→ **MATERIAL FOR THIS TASK**
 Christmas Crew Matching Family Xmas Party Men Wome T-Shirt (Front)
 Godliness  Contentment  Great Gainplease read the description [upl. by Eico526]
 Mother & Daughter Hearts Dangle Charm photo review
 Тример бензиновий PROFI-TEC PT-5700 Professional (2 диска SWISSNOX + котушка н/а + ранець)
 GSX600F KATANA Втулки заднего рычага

* * *

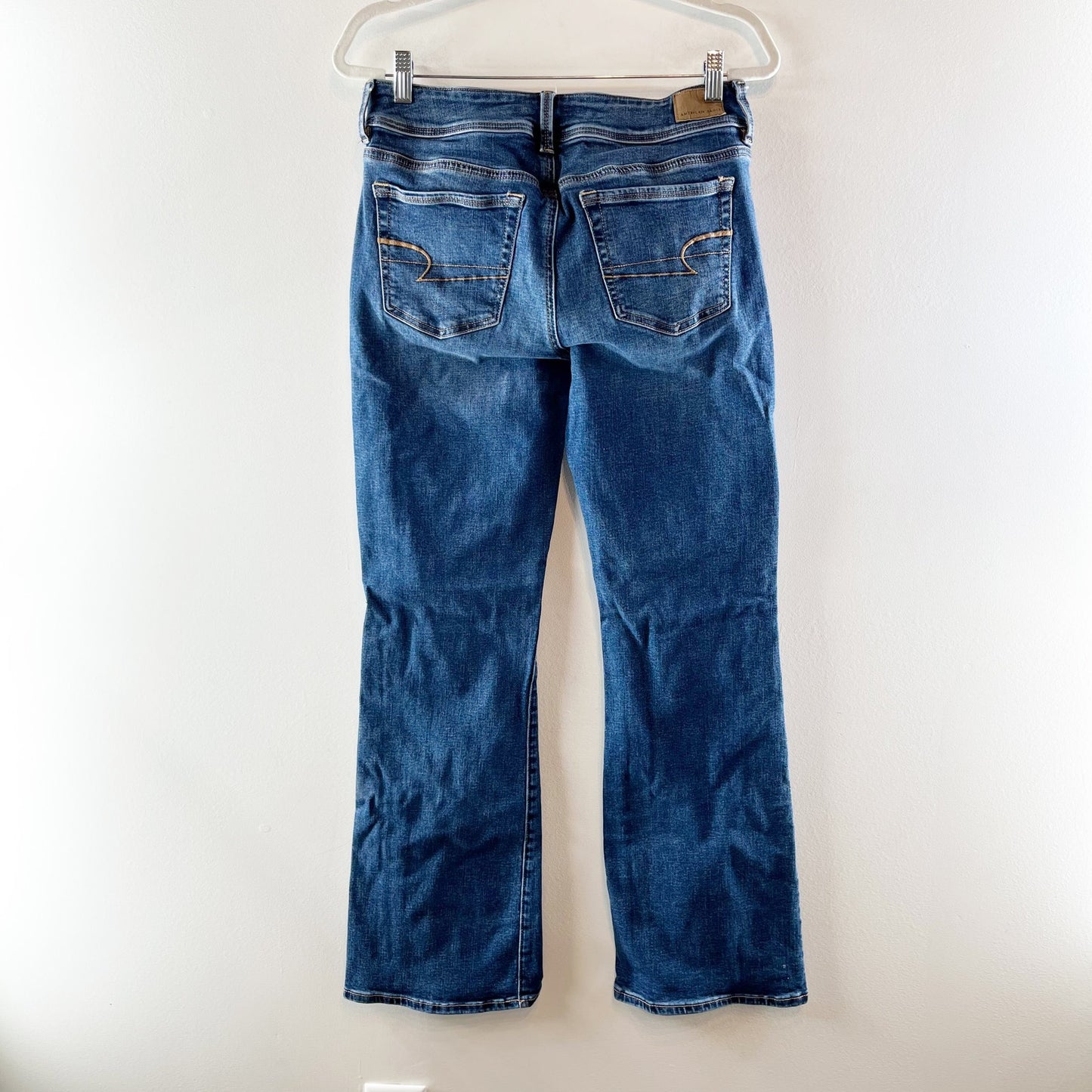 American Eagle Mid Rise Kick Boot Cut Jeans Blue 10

==

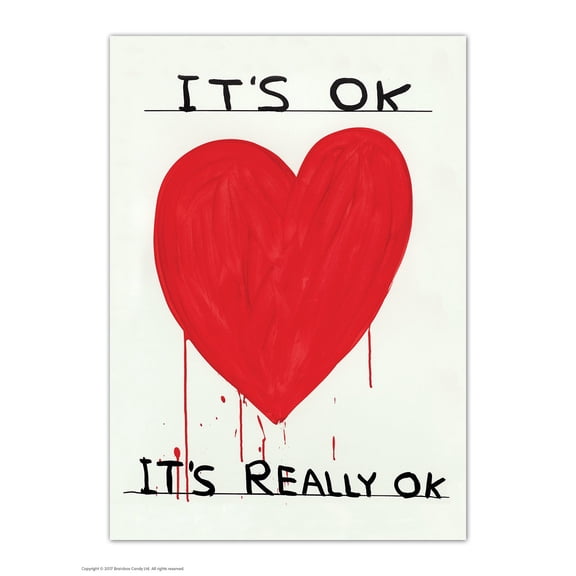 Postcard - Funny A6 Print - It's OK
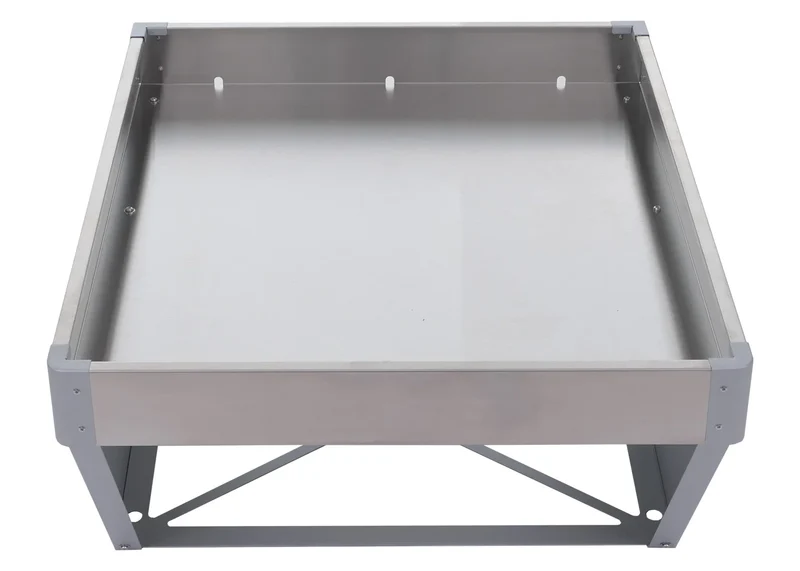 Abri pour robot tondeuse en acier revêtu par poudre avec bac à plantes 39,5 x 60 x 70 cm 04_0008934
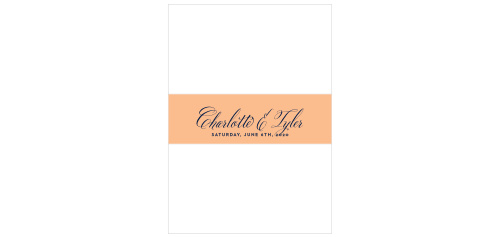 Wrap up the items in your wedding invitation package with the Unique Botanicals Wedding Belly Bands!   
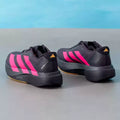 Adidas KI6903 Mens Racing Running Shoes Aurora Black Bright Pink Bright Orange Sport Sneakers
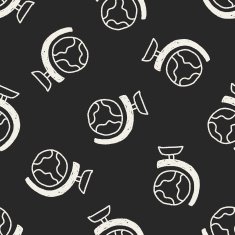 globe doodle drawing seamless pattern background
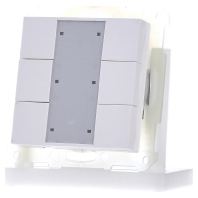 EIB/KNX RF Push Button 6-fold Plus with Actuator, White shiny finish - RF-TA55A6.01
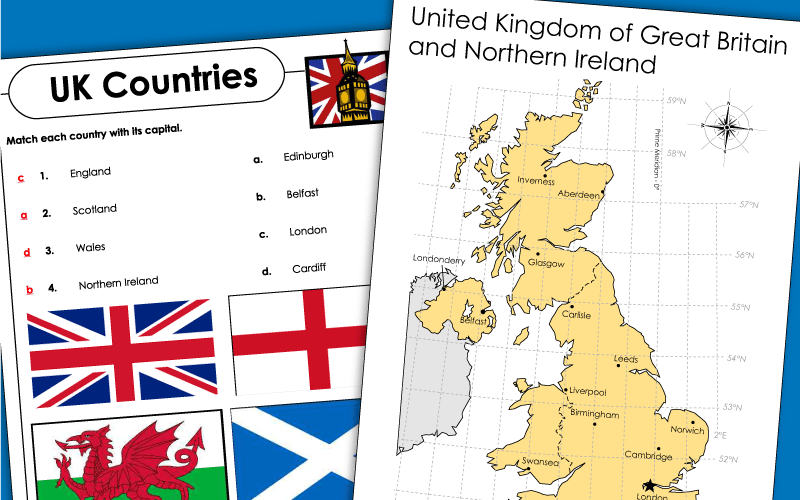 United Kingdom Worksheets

→ **YOUR OBJECTIVE**
Output exactly the lines above that lie between the line with "globe doodle drawing" and the line with "United Kingdom Worksheets", those two lines included, and no pictures.

→ **EXERCISE RESPONSE**
 globe doodle drawing seamless pattern background
 EIB/KNX RF Push Button 6-fold Plus with Actuator, White shiny finish - RF-TA55A6.01
 United Kingdom Worksheets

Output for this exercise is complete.